18. Notice of revocation to arbitrator

To

……………..

……………..

Please take notice that I, the undersigned, have, by instrument dated………revoked your authority to arbitrate in the matter originally referred to you for arbitration under the letter to appointment dated……..or agreement of reference dated…………or deed dated…………..

I hereby restrain you from acting in the said arbitration and direct you to return to me all the papers submitted to you by me in that behalf. You are hereby discharged under the said reference.

Dated…………………….

(Sd)………………

19. AWARD (MADE ON REFERENCE BY COURT)

IN THE MATTER OF AN ARBITRATION between AB, etc. and CD, etc., WHEREAS in pursuance of an order of reference made by the court of ………………and dated the…………following matter in difference between AB and CD had been referred to me (us) for determination, namely…………..

NOW I/ we having duly considered the matter referred to me (us) hereby make my (our) award as follows:

1. (We) award……..

(i)………………….

(ii)…………………

…(Sd.)

20. Award by an arbitral tribunal

THIS IS THE AWARD by the undersigned, made the ………..day of ………

WHEREAS by an agreement under the deed, dated………..and made between (contractor) of the one part and…………….(owner of the property) of the other part (being an agreement by the said contractor) to construct certain works upon the land of the said (owner) in accordance with sanctioned plans and specifications contained therein it was agreed between the parties that if any dispute should arise in future between the parties thereto relating to or touching the said agreement or the interpretation thereof or in relation to the rights, duties or liabilities of either party there under, the same should be referred to two arbitrators and their umpire in accordance with the provisions of Arbitration & Conciliation Act, 1996.

AND WHEREAS disputes having arisen between the aforesaid parties relating to the said agreement the said (contractor) by writing dated……….nominated and appointed Shri…………(one arbitrator)…………of etc, and the said (owner) by writing dated……………..nominated and appointed Shri………..(other arbitrator)…….of etc, to act as arbitrators and settle the said matters in dispute between the parties.

AND WHEREAS the said arbitrators respectively accepted the said appointments and took upon themselves to discharge the burden of the said reference and before starting the proceeding for the consideration of the disputed matter referred to them by writing under their hands dated……….appointed me the said Presiding Arbitrator in the said arbitration.

AND WHEREAS the said arbitrators duly extended the time for making the award until the ………..day of………….

AND WHEREAS the said arbitrators were unable to agree amongst themselves unanimously upon an award and under such circumstances gave me notice in writing dated………….and thereupon the disputes stood referred to me.

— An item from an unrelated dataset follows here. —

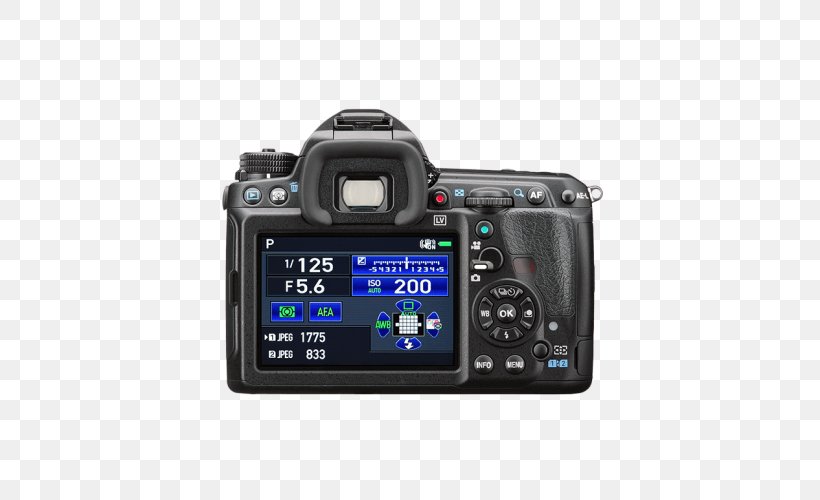 Pentax K-3 II Pentax K-1 Digital SLR Camera, PNG, 500x500px, Pentax K3 Ii, Active Pixel Sensor, Antialiasing Filter, Autofocus, Camera Download Free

NOW BE IT KNOWN that, I, said Presiding Arbitrator, make my award on the following matter:

    1. I find that the completion of the work although delayed for……..months beyond the agreed date on which it ought to have been completed such delay was caused partly by exceptionally bad weather and partly by lack of workmen caused by labour strikes and also their having taken up construction works under the Government and I find and award that the said (contractor) is not liable for any damage on that account.

    1. I find that a part of the work executed by the said (contractor) was found to be defective in the following respects…………..(defects set out) and I award that the said (owner) is entitled to Rs………….as damages on that account.

    1. I find and award that after deducting the said sum of Rs……on account of the damages there is still due and owing to the said (contractor) in respect of the matters in dispute between the said parties to reference the sum of…………..

    1. I direct the said (owner) shall pay the said sum of Rs………..to the said (contractor) on or before the ………..day of……..

    1. I award and direct that the cost of the said (contractor) relating to and incidental to this arbitration reference including the costs of the arbitrators and of this award which is Rs………..shall be borne and paid by the said (owner) or whatever may be the award as to costs.